DATA EXTRACT →
────────
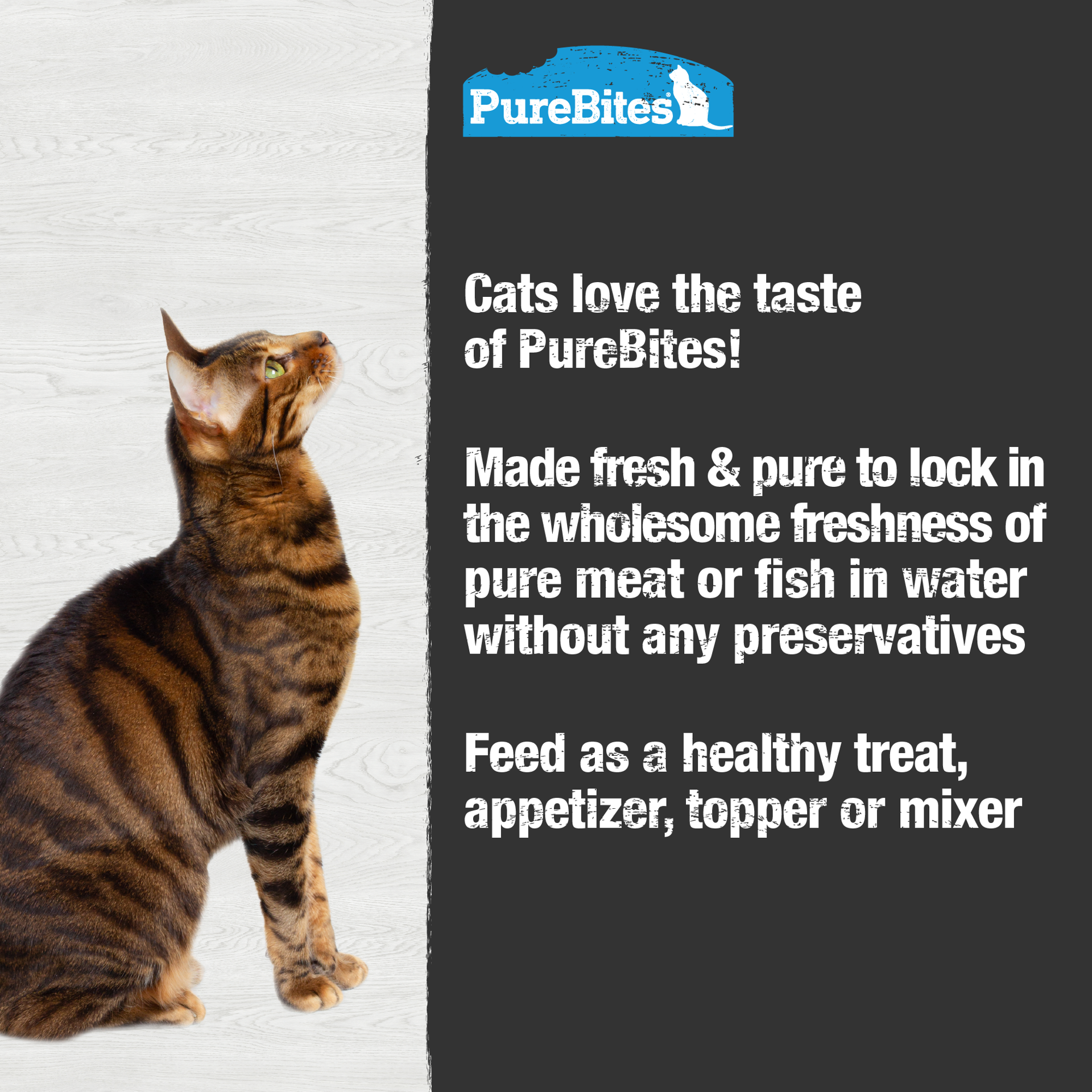 slide 3 of 5, PureBites Wet Mixers | Tuna | only 2 ingredients | 12-pack, 50 gram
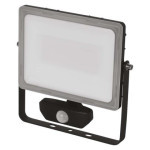 ILIO LED spotlight with motion sensor, 51W, black, neutral white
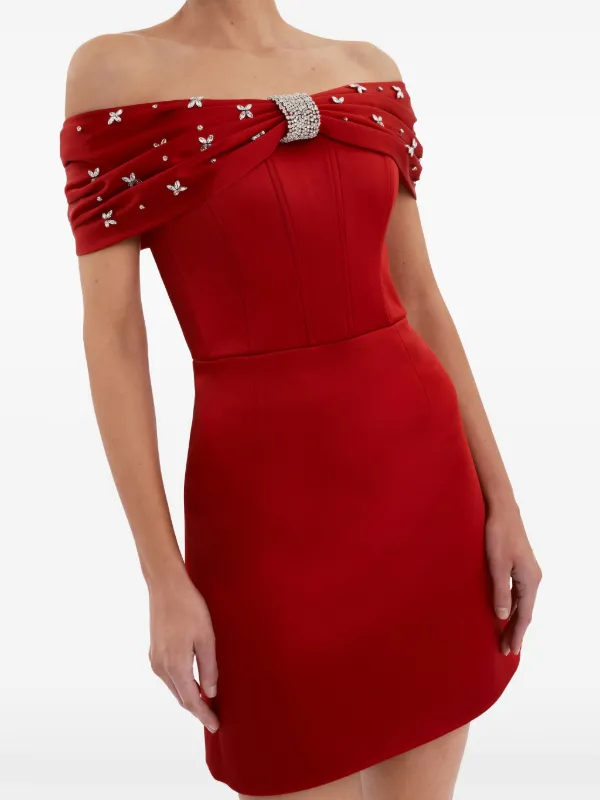 Rebecca Vallance x Nicky Hilton Carmella Mini Dress | Red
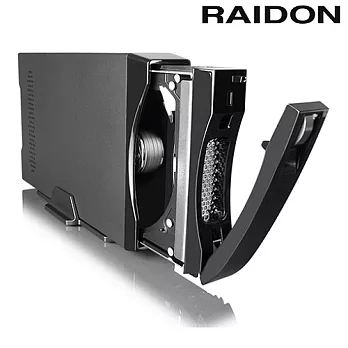 RAIDON 3.5吋USB3.0/eSATA/1bay硬碟外接盒－GT1660-SB3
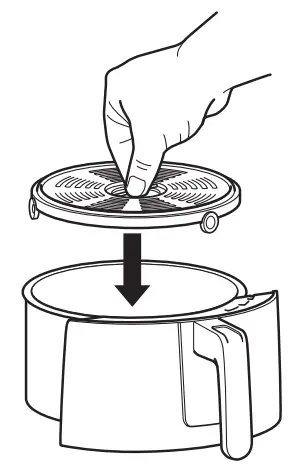 NINJA AF100EU Hot Air Fryer - ROAST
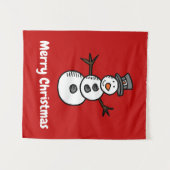 Snowman Wandteppich (Vorderseite (Horizontal))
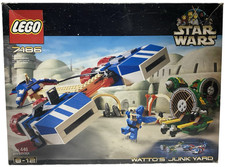LEGO 7186 Star Wars Watto's Junkyard Vintage 2001 Set New w Popped Box Seal READ picture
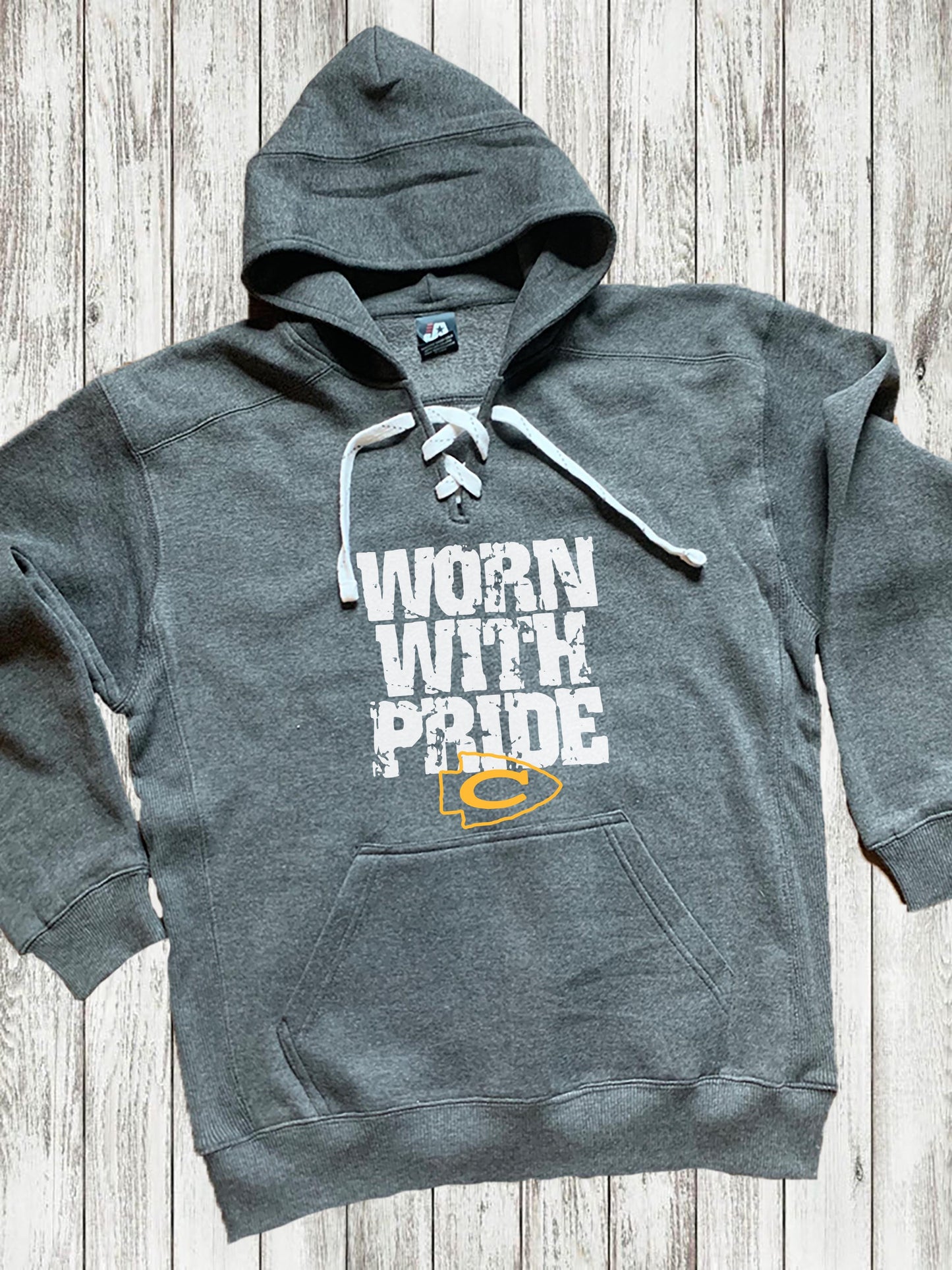 Worn With Pride Laced Hoodie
────────
Could the lines from the one with "Snowman Wandteppich (Vorderseite" through the last line of the material above be written out exactly, both included, with pictures left out?

EXERCISE RESULT →
 Snowman Wandteppich (Vorderseite (Horizontal))
LEGO 7186 Star Wars Watto's Junkyard Vintage 2001 Set New w Popped Box Seal READ picture
 Worn With Pride Laced Hoodie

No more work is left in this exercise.